What’s Working: Four Ways Policymakers Can Use Data to Improve Schools
Wednesday, July 26, 2017
Eva Harder and Skylar Whitman
This article is part of the “What’s Working” series, which highlights promising practices for helping to close the graduation gap in communities and states across the country.
While states have made progress prioritizing the use of data in education, policymakers should do more to ensure it helps all students be successful, says a new report released by the Data Quality Campaign.
Along with spotlighting states that can serve as examples to the rest of the country, Time to Act 2017: Put Data in the Hands of the People challenges leaders in education agencies, state boards, legislatures, and governors to prioritize the effective use of data in the following four ways:
1. Measure What Matters: Be clear about what students must achieve and have the data to ensure that all students are on track to succeed.
While states have prioritized data, the data they collect does not always reflect the needs of all children. For example, only six states include information about homeless students on their report cards. Only one state includes information about students in foster care.
Time to Act urges states to create governance bodies that ensure diverse perspectives are represented, such as those of English learners, students with disabilities, rural students, gifted and talented students, and low-income students.
State spotlight: Washington connects data across sectors though its Education Research and Data Center (ERDC), an education data warehouse that “links data from the state’s early learning, K-12, postsecondary, and workforce sectors.”
The governance body includes agency leaders, district representatives, and data users that help the state “determine what data to collect, what research to conduct, and how to keep the information secure.”

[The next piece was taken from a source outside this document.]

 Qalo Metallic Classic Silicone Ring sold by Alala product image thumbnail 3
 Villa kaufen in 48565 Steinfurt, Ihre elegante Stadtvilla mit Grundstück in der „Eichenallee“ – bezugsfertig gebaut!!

2. Make Data Use Possible: Provide teachers and leaders the flexibility, training, and support they need.
While teachers want to use data to inform their teaching, the report says they don’t always have the time. More than 50 percent of teachers say they have no time during school to review data and 21 percent state they lack training in using data to support teaching and learning.
State spotlight: In Delaware, administrators and teachers can access real-time data that shows which students are on track for college as well as their progress in applying to school. It also includes student completion rates for college applications and student aid applications, and both teachers and counselors have the data they need to work with individual students.
3. Be Transparent and Earn Trust: Ensure that every community understands how its schools and students are doing, why data is valuable, and how it is protected and used.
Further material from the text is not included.